Output range, inclusive: from the line containing "V-Neck Contrast Button Top" to the line containing "roxy, Roxy Into". Restate those lines from the data below word for word and only those.

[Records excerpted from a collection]
———
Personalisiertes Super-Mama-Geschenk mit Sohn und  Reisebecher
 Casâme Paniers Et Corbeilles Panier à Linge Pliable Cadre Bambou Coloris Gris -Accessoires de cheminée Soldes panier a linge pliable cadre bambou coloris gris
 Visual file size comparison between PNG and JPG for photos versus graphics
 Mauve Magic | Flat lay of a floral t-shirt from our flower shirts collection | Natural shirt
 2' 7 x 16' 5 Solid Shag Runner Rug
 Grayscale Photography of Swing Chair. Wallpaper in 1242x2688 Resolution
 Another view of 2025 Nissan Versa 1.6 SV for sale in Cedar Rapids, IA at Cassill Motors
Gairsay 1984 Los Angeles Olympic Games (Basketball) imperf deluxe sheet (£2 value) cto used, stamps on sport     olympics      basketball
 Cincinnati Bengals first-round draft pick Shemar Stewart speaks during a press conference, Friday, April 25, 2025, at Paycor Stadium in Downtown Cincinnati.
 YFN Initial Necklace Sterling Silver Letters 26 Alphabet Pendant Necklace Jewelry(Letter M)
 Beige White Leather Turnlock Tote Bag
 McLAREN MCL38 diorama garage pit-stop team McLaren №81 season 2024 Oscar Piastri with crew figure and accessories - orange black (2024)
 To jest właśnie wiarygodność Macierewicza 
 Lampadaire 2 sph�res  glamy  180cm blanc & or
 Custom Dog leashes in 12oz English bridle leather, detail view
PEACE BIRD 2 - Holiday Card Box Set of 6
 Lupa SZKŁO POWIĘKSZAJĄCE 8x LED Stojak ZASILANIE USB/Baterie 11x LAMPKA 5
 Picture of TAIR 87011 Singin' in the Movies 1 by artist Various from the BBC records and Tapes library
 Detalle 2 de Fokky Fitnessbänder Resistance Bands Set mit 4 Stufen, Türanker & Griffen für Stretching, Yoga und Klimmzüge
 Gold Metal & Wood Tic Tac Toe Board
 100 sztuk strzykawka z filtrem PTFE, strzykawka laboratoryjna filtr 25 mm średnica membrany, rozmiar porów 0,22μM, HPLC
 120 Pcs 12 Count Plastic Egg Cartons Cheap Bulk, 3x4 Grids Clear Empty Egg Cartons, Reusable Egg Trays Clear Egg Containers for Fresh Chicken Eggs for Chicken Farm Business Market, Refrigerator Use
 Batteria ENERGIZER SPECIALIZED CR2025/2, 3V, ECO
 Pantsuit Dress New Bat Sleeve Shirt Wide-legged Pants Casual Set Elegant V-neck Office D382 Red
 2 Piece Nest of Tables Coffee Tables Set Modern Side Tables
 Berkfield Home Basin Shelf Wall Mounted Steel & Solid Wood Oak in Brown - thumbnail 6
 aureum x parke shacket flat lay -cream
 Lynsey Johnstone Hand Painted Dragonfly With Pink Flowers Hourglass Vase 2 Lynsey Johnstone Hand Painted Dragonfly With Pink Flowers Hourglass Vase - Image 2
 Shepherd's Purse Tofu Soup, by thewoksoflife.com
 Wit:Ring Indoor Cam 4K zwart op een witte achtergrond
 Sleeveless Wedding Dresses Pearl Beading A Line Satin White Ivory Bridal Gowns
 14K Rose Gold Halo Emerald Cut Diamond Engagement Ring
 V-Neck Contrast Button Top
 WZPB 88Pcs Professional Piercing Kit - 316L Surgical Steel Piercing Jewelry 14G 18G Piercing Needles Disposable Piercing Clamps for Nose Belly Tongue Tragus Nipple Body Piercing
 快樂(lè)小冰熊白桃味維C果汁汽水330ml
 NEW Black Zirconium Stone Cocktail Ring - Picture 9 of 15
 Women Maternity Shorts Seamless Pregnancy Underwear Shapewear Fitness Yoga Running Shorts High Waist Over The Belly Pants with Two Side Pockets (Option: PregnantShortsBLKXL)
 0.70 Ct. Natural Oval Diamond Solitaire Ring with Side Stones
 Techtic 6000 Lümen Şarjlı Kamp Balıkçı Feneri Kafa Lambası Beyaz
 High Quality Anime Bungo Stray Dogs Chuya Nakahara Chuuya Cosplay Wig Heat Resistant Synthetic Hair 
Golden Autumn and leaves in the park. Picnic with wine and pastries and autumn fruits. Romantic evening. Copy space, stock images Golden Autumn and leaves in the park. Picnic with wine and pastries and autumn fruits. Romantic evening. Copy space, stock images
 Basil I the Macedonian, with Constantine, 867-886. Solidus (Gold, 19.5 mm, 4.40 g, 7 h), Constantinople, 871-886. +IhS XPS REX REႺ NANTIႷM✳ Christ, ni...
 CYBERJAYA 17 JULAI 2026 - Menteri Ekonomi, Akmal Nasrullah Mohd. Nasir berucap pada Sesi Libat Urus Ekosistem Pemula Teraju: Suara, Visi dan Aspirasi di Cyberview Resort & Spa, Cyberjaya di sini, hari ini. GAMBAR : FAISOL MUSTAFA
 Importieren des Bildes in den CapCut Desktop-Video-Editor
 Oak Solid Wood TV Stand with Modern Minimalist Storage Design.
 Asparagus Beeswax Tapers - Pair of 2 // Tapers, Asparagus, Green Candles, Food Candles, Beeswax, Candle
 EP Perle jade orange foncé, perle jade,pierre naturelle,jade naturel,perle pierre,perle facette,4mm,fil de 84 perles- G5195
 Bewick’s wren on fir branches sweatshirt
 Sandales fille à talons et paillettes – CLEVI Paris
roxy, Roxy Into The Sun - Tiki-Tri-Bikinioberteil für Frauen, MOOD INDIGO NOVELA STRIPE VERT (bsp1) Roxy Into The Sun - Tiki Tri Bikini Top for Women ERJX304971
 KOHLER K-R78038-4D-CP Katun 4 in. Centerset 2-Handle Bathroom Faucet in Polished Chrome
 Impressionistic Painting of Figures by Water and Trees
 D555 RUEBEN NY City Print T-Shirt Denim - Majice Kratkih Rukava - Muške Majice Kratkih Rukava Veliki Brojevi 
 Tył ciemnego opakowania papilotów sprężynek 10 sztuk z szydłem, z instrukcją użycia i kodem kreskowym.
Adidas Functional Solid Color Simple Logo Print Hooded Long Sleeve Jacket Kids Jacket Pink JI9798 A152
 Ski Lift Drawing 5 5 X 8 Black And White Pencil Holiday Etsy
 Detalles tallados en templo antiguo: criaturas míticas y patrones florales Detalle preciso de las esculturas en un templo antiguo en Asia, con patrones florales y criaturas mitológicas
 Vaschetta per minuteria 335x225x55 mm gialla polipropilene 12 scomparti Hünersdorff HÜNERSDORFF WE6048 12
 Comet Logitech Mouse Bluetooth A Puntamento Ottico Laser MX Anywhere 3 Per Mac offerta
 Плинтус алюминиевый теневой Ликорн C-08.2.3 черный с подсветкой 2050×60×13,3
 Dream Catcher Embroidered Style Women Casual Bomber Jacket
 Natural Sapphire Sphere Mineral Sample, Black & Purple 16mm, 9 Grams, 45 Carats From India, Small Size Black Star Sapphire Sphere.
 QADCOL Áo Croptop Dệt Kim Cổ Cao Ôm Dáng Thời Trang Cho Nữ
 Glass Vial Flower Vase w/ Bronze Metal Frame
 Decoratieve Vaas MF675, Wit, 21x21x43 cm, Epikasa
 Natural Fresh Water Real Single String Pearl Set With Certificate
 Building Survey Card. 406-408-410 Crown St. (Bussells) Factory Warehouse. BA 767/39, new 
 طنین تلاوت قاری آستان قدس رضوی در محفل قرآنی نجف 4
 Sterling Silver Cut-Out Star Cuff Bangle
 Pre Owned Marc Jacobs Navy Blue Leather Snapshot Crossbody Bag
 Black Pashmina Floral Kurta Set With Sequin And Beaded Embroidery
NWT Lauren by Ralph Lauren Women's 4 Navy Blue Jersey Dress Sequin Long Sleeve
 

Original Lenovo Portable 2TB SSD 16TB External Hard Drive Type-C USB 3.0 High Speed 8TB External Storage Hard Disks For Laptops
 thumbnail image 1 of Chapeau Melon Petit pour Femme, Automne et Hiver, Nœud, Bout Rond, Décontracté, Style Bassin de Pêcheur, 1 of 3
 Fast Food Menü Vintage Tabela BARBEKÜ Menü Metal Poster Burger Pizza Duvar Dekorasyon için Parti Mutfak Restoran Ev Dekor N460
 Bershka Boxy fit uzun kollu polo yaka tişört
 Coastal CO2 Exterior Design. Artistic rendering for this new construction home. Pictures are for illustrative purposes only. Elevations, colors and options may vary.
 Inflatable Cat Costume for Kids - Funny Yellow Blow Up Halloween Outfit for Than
———
### Result below:
 V-Neck Contrast Button Top
 WZPB 88Pcs Professional Piercing Kit - 316L Surgical Steel Piercing Jewelry 14G 18G Piercing Needles Disposable Piercing Clamps for Nose Belly Tongue Tragus Nipple Body Piercing
 快樂(lè)小冰熊白桃味維C果汁汽水330ml
 NEW Black Zirconium Stone Cocktail Ring - Picture 9 of 15
 Women Maternity Shorts Seamless Pregnancy Underwear Shapewear Fitness Yoga Running Shorts High Waist Over The Belly Pants with Two Side Pockets (Option: PregnantShortsBLKXL)
 0.70 Ct. Natural Oval Diamond Solitaire Ring with Side Stones
 Techtic 6000 Lümen Şarjlı Kamp Balıkçı Feneri Kafa Lambası Beyaz
 High Quality Anime Bungo Stray Dogs Chuya Nakahara Chuuya Cosplay Wig Heat Resistant Synthetic Hair 
Golden Autumn and leaves in the park. Picnic with wine and pastries and autumn fruits. Romantic evening. Copy space, stock images Golden Autumn and leaves in the park. Picnic with wine and pastries and autumn fruits. Romantic evening. Copy space, stock images
 Basil I the Macedonian, with Constantine, 867-886. Solidus (Gold, 19.5 mm, 4.40 g, 7 h), Constantinople, 871-886. +IhS XPS REX REႺ NANTIႷM✳ Christ, ni...
 CYBERJAYA 17 JULAI 2026 - Menteri Ekonomi, Akmal Nasrullah Mohd. Nasir berucap pada Sesi Libat Urus Ekosistem Pemula Teraju: Suara, Visi dan Aspirasi di Cyberview Resort & Spa, Cyberjaya di sini, hari ini. GAMBAR : FAISOL MUSTAFA
 Importieren des Bildes in den CapCut Desktop-Video-Editor
 Oak Solid Wood TV Stand with Modern Minimalist Storage Design.
 Asparagus Beeswax Tapers - Pair of 2 // Tapers, Asparagus, Green Candles, Food Candles, Beeswax, Candle
 EP Perle jade orange foncé, perle jade,pierre naturelle,jade naturel,perle pierre,perle facette,4mm,fil de 84 perles- G5195
 Bewick’s wren on fir branches sweatshirt
 Sandales fille à talons et paillettes – CLEVI Paris
roxy, Roxy Into The Sun - Tiki-Tri-Bikinioberteil für Frauen, MOOD INDIGO NOVELA STRIPE VERT (bsp1) Roxy Into The Sun - Tiki Tri Bikini Top for Women ERJX304971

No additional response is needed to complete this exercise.